The story below is about the art that has been hanging at my cafes since 1975 when I opened The Coffee Connection, and which can be seen at our Downtown Crossing café (showing two works by Jose Benitez Sanchez) as well as Newtonville (4 works by Tutukila). That comprised my first career.

While at Yale in the early sixties, I gravitated towards the arts–music, painting, and literature. I spent many weekends in New York City going to avant-garde jazz concerts at night (John Coltrane, Eric Dolphy, Ornette Coleman, Albert Ayler….), and visiting art galleries and museums in the day. I was not so driven to create as to absorb and discover what others communicated in unimagined ways. I was struck with awe and wonder by the unfolding discoveries my eyes and ears received. At one point I financed, with the little money I had, and promoted jazz artists Milford Graves and Don Pullen to give a concert at Yale. I was already gravitating toward showing others what I was discovering. (Sound familiar?) My co-conspirator was Juan Negrin. We had become fast friends in Mexico City where I grew up as a teenager and later went to Yale together. Juan was already a driven artist and thinker of great originality. That is another story…. But what he did next would alter my trajectory in this world.

In the early seventies Juan became involved with the Wixarika people in the Central Sierra Madre of Mexico. It started with their art that was being exhibited in Guadalajara. These were the early days of “yarn paintings”. They were made by pressing colored yarn, a single strand at a time, into softened beeswax laid over a wooden panel. They were about the mythological stories of people popularly called the Huichol – a name given to the Wixarika (x is pronounced like a cross between and soft J and sh) by the West. He went to the city of Tepic where yarn paintings were becoming ubiquitous in a growing number of tourist stores selling indigenous crafts. There, he found a handful of artists who were producing originals that were then copied by craftsmen and sold in stores. He challenged them to return to their roots to create meaningful art with ever deeper expressions of their religion, not to be confused with folklore! This meant going back into the mountains, committing to religious pilgrimages, and learning from established shamans more deeply about their religion. Juan then followed them to the mountains and began deepening his relationship with the Wixarika culture.

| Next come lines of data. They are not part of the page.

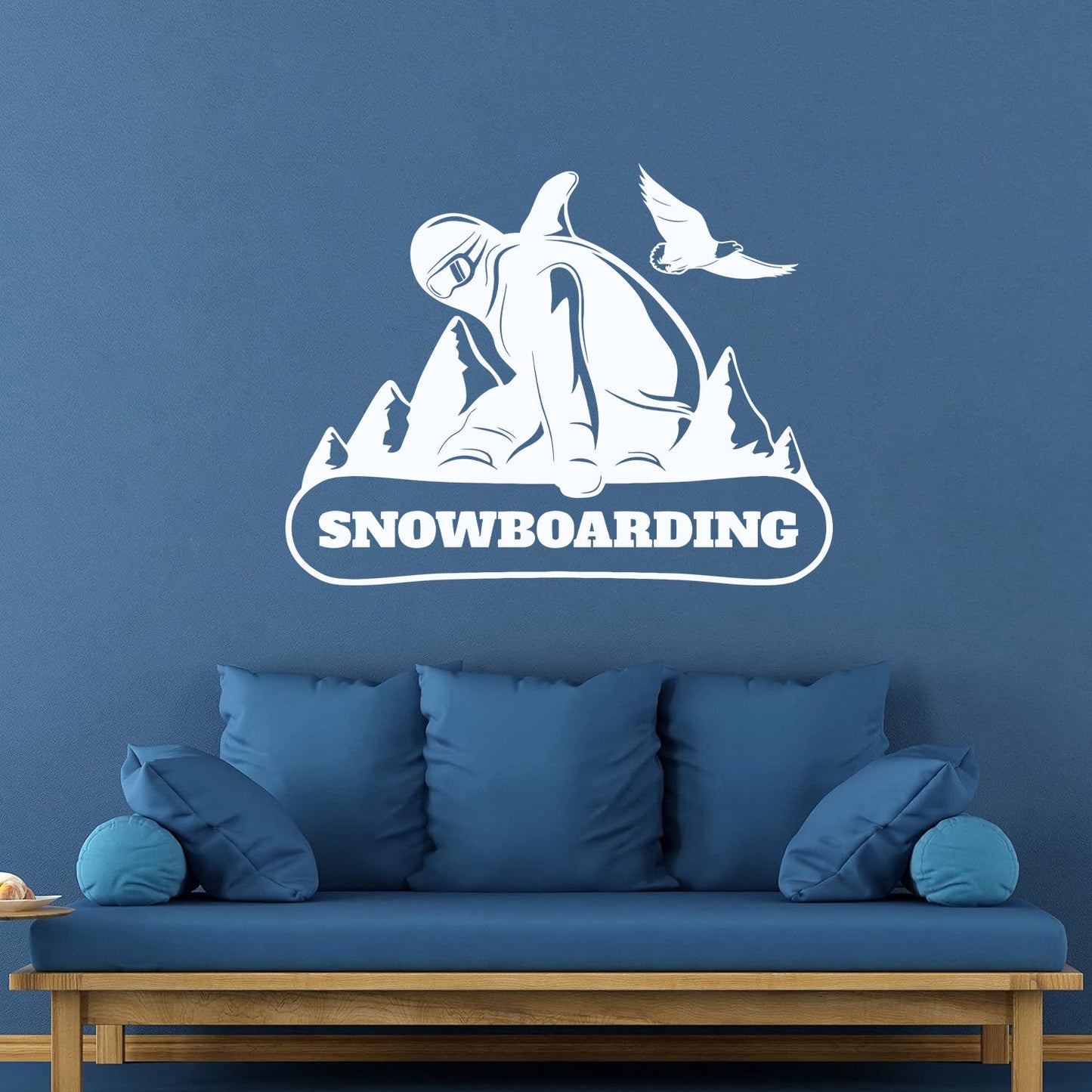 Wall Decals Paster Paper Snowboarding Mountain Extreme Sports Equipped With Transfer Film Kit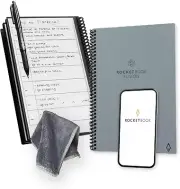 Fusion Smart Reusable Notebook Calendar To Do Lists and Note Template Pages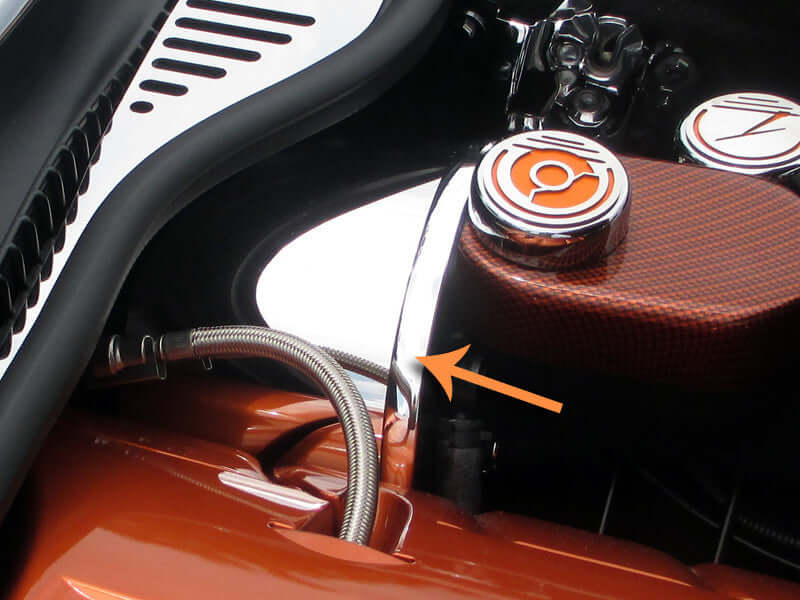 043011 c6 corvette brake booster cover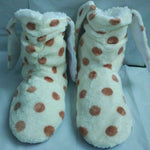 chaussons oreilles lapin beige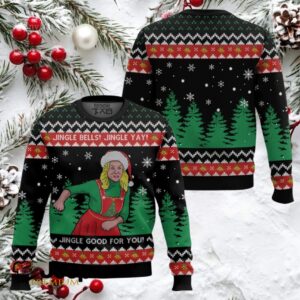 Leslie Knope Jingle Bells Jingle Yay Parks And Recreation Ugly Christmas Sweater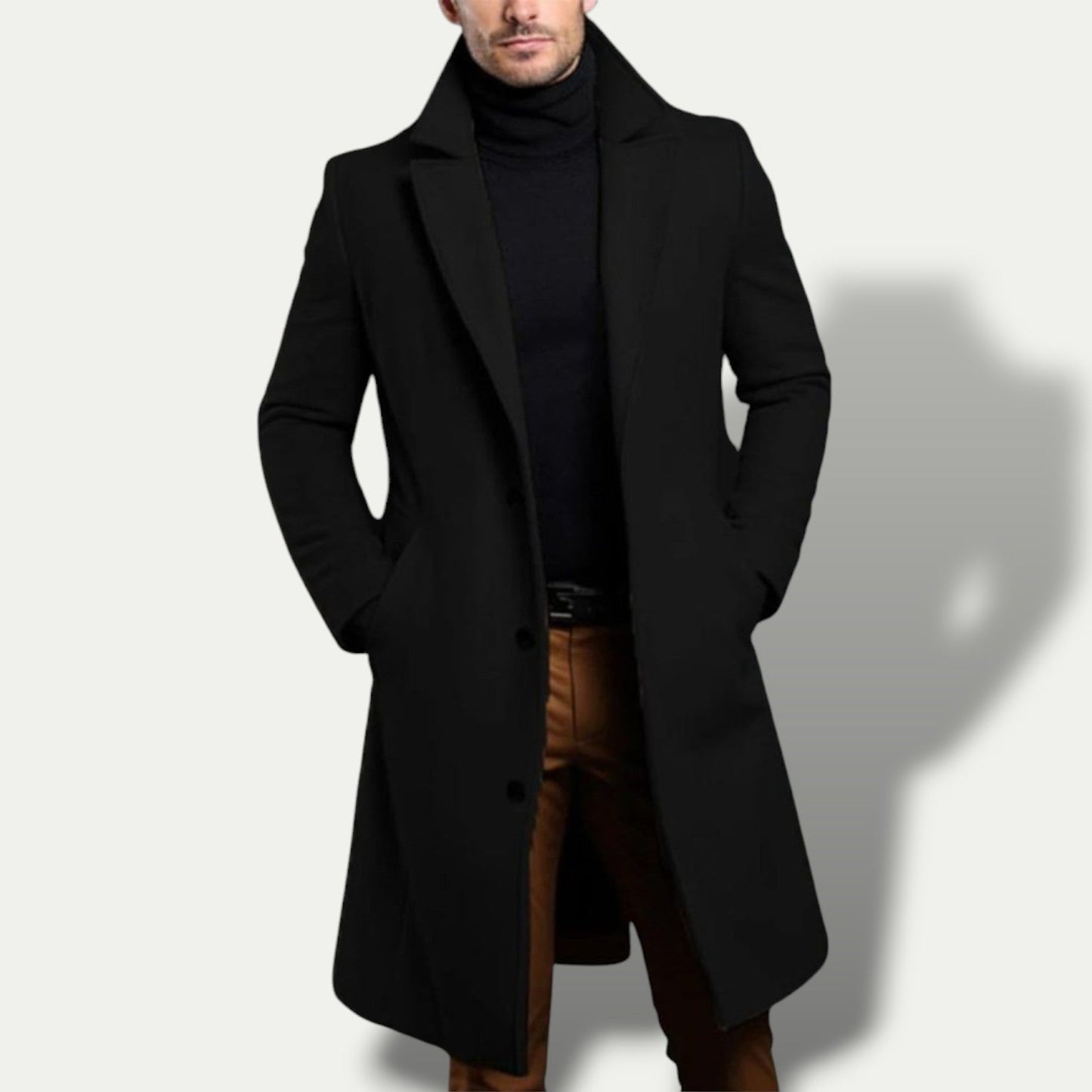 Manteau Long pour Homme - Vêtement d'Extérieur Élégant Toutes Saisons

By that time, Laurie and I had moved to the San Francisco bay area where Juan was living. Juan began bringing back the yarn paintings he had bought to the San Francisco Bay area. I was blown away by the originality and vitality of the art I saw. There were four artists to begin with, and it was easy to tell their styles apart. With year each artist evolved, developing a unique, ever expanding visual language and greater thematic depth as they participated in the life and rituals of their culture. Here was a living art brimming with beauty and extraordinary individual creativity

I spent the next few years working in a local art gallery in Berkeley near the University campus, explaining the Wixarika works that Juan was bringing back from his long visits to their territory. This culminated when I set up and “curated” a Masterworks exhibit at the Los Angeles Municipal Art Gallery in January 1974. The “Masterworks” were what he deemed the most important paintings, held back from sale to be exhibited in museums as ambassadors of the complex Wixarika culture and testaments to their artistic visions.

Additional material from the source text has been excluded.